Bagi wilayah perkotaan, mungkin mudah mengimplementasikan penugasan dan pemberian pelajaran yang mendorong kemandirian karena siswa memiliki akses informasi yang memadai. Tidak demikian halnya dengan siswa di wilayah yang internetnya tidak tersedia. Ujung-ujungnya, sumber informasi tetap saja dari mulutnya guru, seperti cara yang lama, jelas teman saya tersebut.
Memang praktik-praktik “dunia persilatan” kebijakan Merdeka Belajar tersebut sering terjadi di ruang kelas-ruang kelas di tiap sekolah atau kampus.
Ia menambahkan bahwa kurikulum Merdeka Belajar tidak bisa diterapkan di sekolahnya jika tujuannya untuk meningkatkan kemandirian siswa.
Ambil contoh di perguruan tinggi. Beberapa bulan lalu pemerintah memaksa setiap dosen menyerapkan Satuan Acara Perkuliahan (SAP) yang sudah berisi metode penilaian kemampuan mahasiswa yang saat ini diminta lebih banyak berbasis pada penilaian berbentuk studi kasus dan diskusi. Demi mengejar pengisian sesuai panduan, perguruan tinggi sampai mengadakan pelatihan-pelatihan kepada dosen untuk membuat SAP.

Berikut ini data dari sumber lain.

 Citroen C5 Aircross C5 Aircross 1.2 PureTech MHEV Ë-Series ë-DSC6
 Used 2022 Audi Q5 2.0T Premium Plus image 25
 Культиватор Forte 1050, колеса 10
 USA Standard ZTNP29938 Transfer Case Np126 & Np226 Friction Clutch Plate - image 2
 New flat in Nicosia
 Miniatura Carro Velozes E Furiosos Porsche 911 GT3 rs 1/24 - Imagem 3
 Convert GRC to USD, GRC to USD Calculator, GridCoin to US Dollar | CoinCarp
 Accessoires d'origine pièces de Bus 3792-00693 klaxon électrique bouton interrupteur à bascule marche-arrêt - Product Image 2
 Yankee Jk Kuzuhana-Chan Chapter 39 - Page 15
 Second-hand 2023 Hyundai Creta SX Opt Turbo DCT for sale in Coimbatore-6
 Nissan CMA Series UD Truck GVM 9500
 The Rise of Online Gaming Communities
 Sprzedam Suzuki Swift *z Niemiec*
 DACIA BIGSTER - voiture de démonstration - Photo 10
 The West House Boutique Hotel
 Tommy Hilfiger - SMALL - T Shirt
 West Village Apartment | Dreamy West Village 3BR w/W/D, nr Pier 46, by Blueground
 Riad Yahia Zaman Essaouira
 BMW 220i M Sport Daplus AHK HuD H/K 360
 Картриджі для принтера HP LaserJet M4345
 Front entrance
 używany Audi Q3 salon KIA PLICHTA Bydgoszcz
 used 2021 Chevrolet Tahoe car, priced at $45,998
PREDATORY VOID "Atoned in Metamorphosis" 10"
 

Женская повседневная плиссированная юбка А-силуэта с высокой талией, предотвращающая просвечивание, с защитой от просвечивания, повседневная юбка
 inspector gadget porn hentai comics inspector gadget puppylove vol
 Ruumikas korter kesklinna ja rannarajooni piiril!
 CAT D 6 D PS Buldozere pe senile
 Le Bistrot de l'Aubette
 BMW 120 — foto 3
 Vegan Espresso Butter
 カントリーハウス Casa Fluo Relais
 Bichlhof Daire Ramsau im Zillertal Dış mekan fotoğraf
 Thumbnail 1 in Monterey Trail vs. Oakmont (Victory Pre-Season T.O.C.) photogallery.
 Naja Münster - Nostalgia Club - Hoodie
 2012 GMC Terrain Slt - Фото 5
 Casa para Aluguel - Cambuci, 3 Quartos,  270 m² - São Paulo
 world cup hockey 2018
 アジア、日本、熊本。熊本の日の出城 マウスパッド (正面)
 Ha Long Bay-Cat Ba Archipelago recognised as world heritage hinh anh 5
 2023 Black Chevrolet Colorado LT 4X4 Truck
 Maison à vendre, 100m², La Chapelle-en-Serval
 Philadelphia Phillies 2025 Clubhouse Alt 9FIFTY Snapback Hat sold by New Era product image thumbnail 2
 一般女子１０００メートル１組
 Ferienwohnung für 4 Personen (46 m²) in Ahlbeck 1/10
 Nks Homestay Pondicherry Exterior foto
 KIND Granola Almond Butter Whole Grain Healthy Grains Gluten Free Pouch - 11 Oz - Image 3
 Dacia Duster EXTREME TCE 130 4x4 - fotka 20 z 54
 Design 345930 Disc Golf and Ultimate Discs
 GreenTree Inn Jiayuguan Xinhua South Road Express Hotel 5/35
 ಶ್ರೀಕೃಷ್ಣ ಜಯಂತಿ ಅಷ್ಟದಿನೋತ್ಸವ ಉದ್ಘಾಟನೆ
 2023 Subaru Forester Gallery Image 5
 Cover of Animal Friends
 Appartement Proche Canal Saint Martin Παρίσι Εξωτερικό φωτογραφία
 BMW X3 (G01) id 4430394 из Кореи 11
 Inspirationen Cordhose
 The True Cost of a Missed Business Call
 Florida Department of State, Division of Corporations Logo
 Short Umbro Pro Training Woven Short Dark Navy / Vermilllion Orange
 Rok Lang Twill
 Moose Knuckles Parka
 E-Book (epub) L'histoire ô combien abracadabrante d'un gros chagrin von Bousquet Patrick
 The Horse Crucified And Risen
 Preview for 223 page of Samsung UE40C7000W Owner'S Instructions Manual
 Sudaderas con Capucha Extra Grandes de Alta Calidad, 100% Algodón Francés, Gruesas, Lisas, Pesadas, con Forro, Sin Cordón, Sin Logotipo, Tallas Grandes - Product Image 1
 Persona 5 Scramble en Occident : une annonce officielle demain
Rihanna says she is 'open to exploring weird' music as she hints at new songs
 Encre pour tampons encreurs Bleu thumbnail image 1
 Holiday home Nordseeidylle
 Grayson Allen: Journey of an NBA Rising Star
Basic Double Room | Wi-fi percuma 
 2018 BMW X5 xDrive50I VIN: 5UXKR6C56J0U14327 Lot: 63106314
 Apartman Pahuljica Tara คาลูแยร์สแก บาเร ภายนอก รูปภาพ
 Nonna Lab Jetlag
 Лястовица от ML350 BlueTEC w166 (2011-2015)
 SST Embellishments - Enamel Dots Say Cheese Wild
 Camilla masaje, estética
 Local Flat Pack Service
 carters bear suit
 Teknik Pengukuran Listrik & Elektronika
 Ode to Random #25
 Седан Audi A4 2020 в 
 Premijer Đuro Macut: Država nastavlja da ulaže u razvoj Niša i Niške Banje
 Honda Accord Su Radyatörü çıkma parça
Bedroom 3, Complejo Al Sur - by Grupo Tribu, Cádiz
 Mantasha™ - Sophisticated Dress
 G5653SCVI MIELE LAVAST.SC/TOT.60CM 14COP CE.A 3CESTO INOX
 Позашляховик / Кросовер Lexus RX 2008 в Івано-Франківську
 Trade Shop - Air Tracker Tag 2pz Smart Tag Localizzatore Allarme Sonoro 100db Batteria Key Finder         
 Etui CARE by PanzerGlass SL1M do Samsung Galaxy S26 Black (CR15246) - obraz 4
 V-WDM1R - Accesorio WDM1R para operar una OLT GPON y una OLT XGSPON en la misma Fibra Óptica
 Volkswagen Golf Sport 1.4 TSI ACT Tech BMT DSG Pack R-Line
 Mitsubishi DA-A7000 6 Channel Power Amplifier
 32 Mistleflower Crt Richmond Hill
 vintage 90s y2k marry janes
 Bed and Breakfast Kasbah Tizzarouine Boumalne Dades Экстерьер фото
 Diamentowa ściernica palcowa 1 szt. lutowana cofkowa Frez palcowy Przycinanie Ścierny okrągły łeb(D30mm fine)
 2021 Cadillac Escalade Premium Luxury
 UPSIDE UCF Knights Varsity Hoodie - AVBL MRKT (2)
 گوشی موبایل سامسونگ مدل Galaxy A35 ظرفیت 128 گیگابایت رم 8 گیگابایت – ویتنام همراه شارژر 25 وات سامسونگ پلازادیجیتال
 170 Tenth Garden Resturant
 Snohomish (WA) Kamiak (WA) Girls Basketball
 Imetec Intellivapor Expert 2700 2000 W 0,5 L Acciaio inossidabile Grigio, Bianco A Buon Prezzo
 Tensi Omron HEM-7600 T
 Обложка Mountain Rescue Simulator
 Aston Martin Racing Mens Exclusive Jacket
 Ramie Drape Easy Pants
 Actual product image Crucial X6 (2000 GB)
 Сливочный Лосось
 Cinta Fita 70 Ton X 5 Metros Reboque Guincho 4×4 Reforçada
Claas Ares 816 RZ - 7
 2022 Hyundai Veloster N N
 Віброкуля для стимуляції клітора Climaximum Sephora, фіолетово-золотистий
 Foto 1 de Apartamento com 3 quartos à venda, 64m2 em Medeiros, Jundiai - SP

Di atas kertas, SAP tersebut mungkin sudah diserahkan oleh dosen. Tetapi siapa yang tahu praktik SAP tersebut di kelas? Tetap saja “dunia persilatan” ini penuh dengan laporan indah nan cemerlang. Bukankah sulit bagi dosen senior untuk beradaptasi dengan sistem pembelajaran yang memandirikan mahasiswa dengan segala variasi latar belakang mahasiswa tersebut? Bukankah dosen sudah terbiasa menjadi “narasumber” ilmu pengetahuan di kelas-kelas dunia perguruan tinggi?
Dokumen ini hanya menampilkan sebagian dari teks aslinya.